4.1. Discussion of Results

In general, reducing the maximum grid power limit leads to a decrease in profit. As this is expected, the main focus is on how different charging concepts can mitigate this disadvantage. Under the highlighted scenarios with grid limitation, Scenario 6 shows the most promising results by integrating a BESS. The decrease in profit is significantly lower compared to the scenarios with GINIs and the one only with CSs. This is due to the BESS being able to store energy during off-peak times and discharge it during peak times. This allows for higher charging power during peak times, while still not exceeding the grid limit. While the GINIs have the theoretical potential to store energy during off-peak times and discharge it during peak times, the results demonstrate that, in the given configuration, they are unable to fully exploit this potential. The causes of this include an operating strategy that is not optimal, a battery energy capacity that necessitates numerous recharging sessions during the day, and a comparably large parking area that causes long travelling durations. It is encouraging to note that the profit margin with GINIs remains stable despite the grid limit (compare Section 3.3 and Section 3.5).

In general, maintaining a low level of power consumption from the main grid is crucial for grid stability. This is particularly important in scenarios where grid expansion cannot keep up with the increasing number of EVs, as described by the European Network of Transmission System Operators for Electricity [59].

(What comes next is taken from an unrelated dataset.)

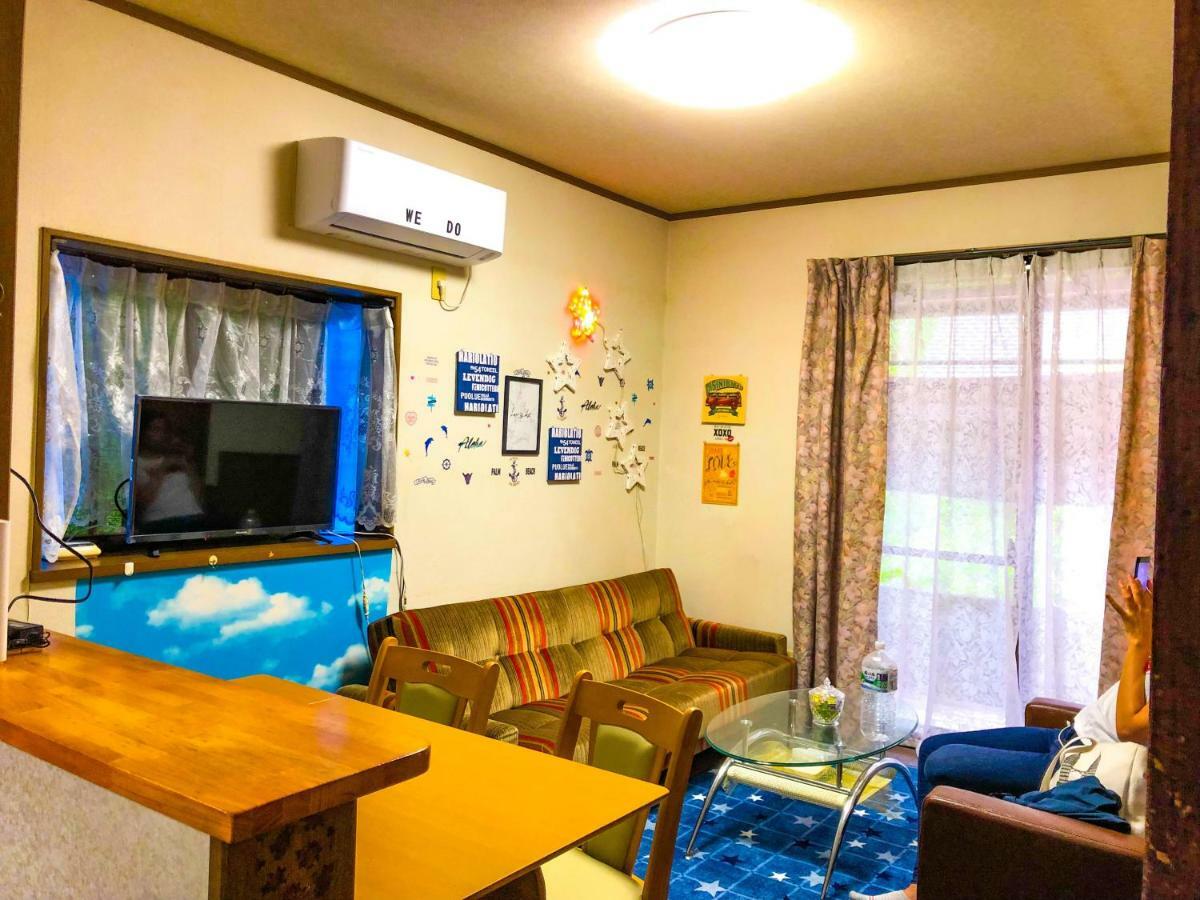 Apartament Yayoi Miyazaki Zewnętrze zdjęcie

4.2. Model Limitations and Possible Extensions

With regard to the limitations of the simulation framework, several simplifying assumptions should be explicitly acknowledged. Most notably, the energy selling price is fixed at €0.50 per kWh across all scenarios, while the purchase price varies dynamically based on day-ahead electricity market data. This fixed pricing strategy does not account for time-of-use tariffs or user-specific pricing models, which could significantly affect revenue.

Additionally, the model does not incorporate the effects of temperature on battery performance and charging efficiency. These factors can significantly influence the operational performance of BESS, GINIs, and EVs. Particularly extreme temperatures can lead to lower charging power and increased auxiliary consumption for cooling or heating the battery system. The incorporation of a temperature-dependent behaviour into the battery model has the potential to enhance the relevance of the simulation model, particularly in regions and seasons characterised by extreme temperature conditions. Therefore, future work should consider integrating temperature effects into the simulation framework.

Furthermore, the simulation excludes capital expenditures and operational costs, such as investment, maintenance, and battery degradation. Hence, it only focuses on operational margins not a full techno-economic study.

In Section 2.1.3, we assume that all charging losses occur at the CS, abstracting from whether AC or DC charging is used. This simplification facilitates an efficient and generalizable energy flow model between CS and EV. However, it does not capture the nuanced loss mechanisms of different charging technologies. As part of future work, this assumption could be revisited through a sensitivity analysis using more detailed, mode-specific efficiency models. If significant sensitivity to charging mode or power level is observed, extending the current map-based model to include differentiated loss models may improve accuracy.

With regard to profit optimisation, especially regarding BESS and GINI scenarios, considering the dynamic price more explicitly or investigating electricity market products such as demand side management or frequency balancing is another field that could be explored based on the simulation framework.

4.3. Practical Implications

The analysis suggests that GINIs could become economically viable in situations where flexible charging is required but grid expansion is infeasible or prohibitively expensive. For instance, GINIs may provide value at locations with high EV turnover, spatially distributed charging needs, and limited grid access. However, profitability depends heavily on efficient routing and charging strategies. It has been shown that with the battery configuration used in the first prototypes (35 kWh and maximum of roughly 1.5 C), the operational margins fall behind other concepts.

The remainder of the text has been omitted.